Selon les Nations unies, plus de 90 % des quelque 5 millions d’habitants de cette région en guerre ont besoin d’une aide alimentaire d’urgence.
Jeudi 10 juin, à la veille d’un sommet des dirigeants du G7 au Royaume-Uni, les Etats-Unis et l’Union européenne (UE) ont lancé un appel pressant à l’action contre un début de famine provoqué par le conflit dans la région éthiopienne du Tigré.
« La famine est peut-être déjà en cours dans certaines zones, menaçant la vie de centaines de milliers de personnes.
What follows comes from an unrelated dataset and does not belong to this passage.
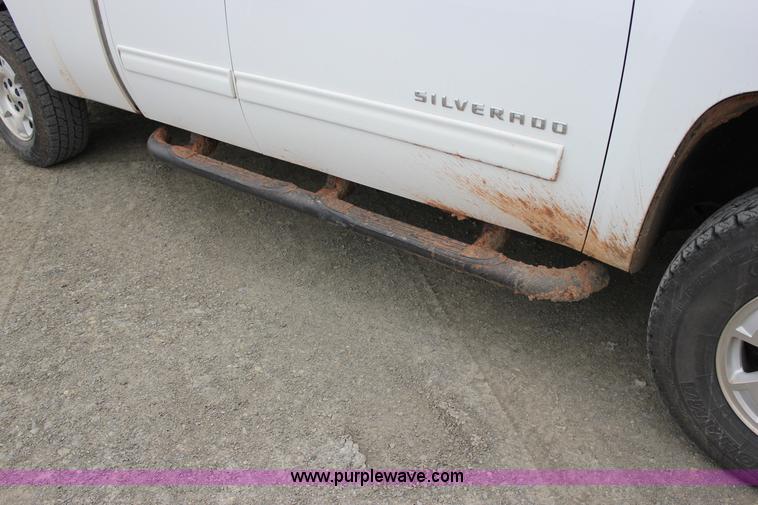 image for item J2286 2012 Chevrolet Silverado 1500 LT Z71 Ext. Cab pickup truck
C’est inadmissible », a lancé l’ambassadrice américaine aux Nations unies, Linda Thomas-Greenfield, lors d’une visioconférence internationale organisée par les Etats-Unis et l’UE. « Pour éviter une catastrophe humanitaire, l’ensemble de la communauté internationale doit agir directement et indirectement, rapidement et avec vigueur », a soutenu Janez Lenarcic, le commissaire européen chargé de la gestion des crises.
L’ambassadrice américaine a déploré l’incapacité du Conseil de sécurité des Nations unies (ONU) à organiser une réunion publique pour mettre fin à la crise. Une réunion à huis clos est prévue le 15 juin. « Nous assistons à un cauchemar humanitaire […] Nous ne pouvons pas laisser l’Ethiopie mourir de faim. Nous devons agir maintenant », a déclaré Mme Thomas-Greenfield, dénonçant une urgence « provoquée par l’homme ».
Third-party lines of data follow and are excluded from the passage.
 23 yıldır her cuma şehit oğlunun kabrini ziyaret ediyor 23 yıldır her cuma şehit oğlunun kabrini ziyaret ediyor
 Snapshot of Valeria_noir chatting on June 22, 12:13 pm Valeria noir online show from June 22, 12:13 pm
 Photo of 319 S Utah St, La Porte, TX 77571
Le premier ministre éthiopien, Abiy Ahmed, lauréat du prix Nobel de la paix 2019, a envoyé l’armée fédérale au Tigré en novembre 2020 pour arrêter et désarmer les dirigeants du Front de libération du peuple du Tigré (TPLF), parti à l’époque au pouvoir dans cette région du nord du pays et qui défiait le gouvernement central. Il avait alors promis une opération militaire courte, mais les combats se poursuivent et de nombreux rapports font état d’atrocités, notamment le recours généralisé au viol.
« Nous avons besoin que tout le monde se mobilise »
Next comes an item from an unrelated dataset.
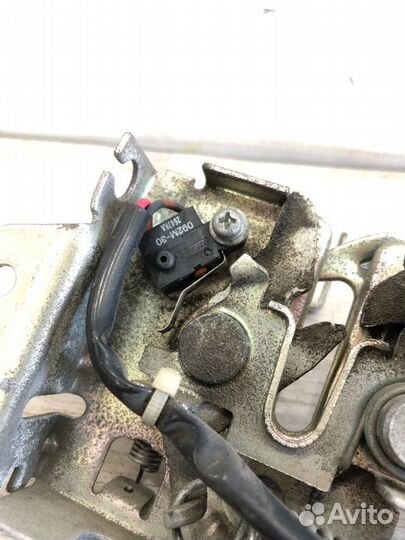 Замок капота Mitsubishi Lancer 10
Les Nations unies ont déclaré que plus de 90 % des plus de 5 millions de personnes vivant au Tigré avaient besoin d’une aide alimentaire d’urgence et ont lancé un appel pour obtenir plus de 200 millions de dollars (environ 165 millions d’euros) afin d’intensifier leur réponse. « La famine sévit maintenant dans le Tigré », a déclaré Mark Lowcock, chef des opérations humanitaires des Nations unies : « Nous avons vraiment besoin que tout le monde se mobilise. » Par ailleurs, « quelque 30 000 enfants souffrant d’une sévère malnutrition courent un grand risque de mourir », a ajouté James Elder, porte-parole de l’Unicef.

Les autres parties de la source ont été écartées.